Dr. Johnson’s eighteenth century vision for biography was not merely that it should depict a wider range of subjects than male poets and princes. He also argued that biography should rise above “panegyrick” and include “the mistakes and miscarriages” of a life. Nigel Hamilton’s study reveals that two hundred years would pass before Dr. Johnson’s dream was to be realized. It wasn’t until well after “the triumph of millions of individual’s wills” in World War II that a multitude of intimate, imaginative, warts-and-all depictions of a wide variety of lives, male and female, would be published—in books, TV, film, radio, theater, and the Internet. Indeed, Hamilton’s central thesis is that the proliferation of biography and autobiography is a function of the Western idea of individualism.

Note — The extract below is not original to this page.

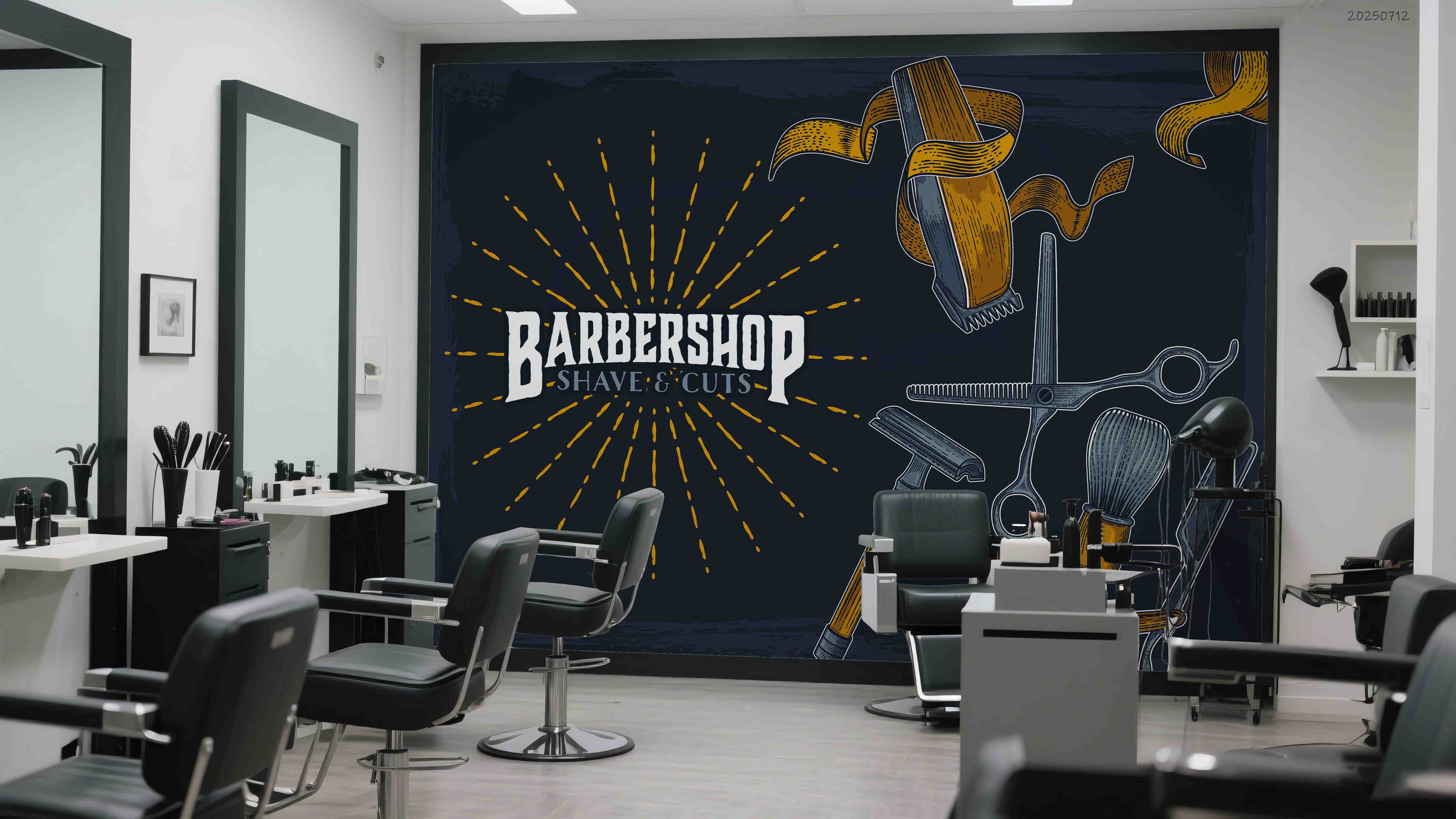 3D Barber Shop Hair Salon Haircut Specialist Shaving Wall Mural Wallpaper 16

A Cambridge graduate, Hamilton has written several critically acclaimed biographies. His first was The Brothers Mann, followed by Monty, a three-volume, Whitbread Award-winning “official” life of Field Marshal Montgomery, JFK: Reckless Youth, and Bill Clinton: An American Journey. He has also directed the British Institute of Biography and has taught university-level biography courses in Britain and the United States. The writer claims in this study that, despite the current glut of biographies, and despite their importance to our notions of self, truth, and imagination, the field of biography is largely “neglected and marginalized” in academia today.
Hamilton traces the practice of biography from its origins in cave renderings of matchstick men (2900 BCE) to the present heyday, paying close attention to the ever-present tension between chronicle and art, commemoration and critical portrait, and how each culture, in each era, tries to resolve this tension. He cites Plutarch’s revolutionary resolve “not to write histories, but lives,” in a golden age followed by the hagiography of the Dark and Middle Ages. The Renaissance sees Shakespeare borrowing from Plutarch’s rediscovered Lives for his history plays as constraints are lifted somewhat, and an educated citizenry becomes more willing to look into the “empty corners” of history, into the lives of real, rather than idealized, men. But biographers were, for the most part, “newspaper obituarists” when Dr. Johnson urged in the 1750s that the craft be practiced by “the most artful writer.” Hamilton looks closely at the twentieth century emergence of biography as a creative endeavor. Wrenched from the stifling Victorians, biography has arrived today “at the forefront of Western culture” thanks to Freud’s psychological profiles, the fall of sexual taboos in publishing, and the development of bold new media for the investigation and display of lives.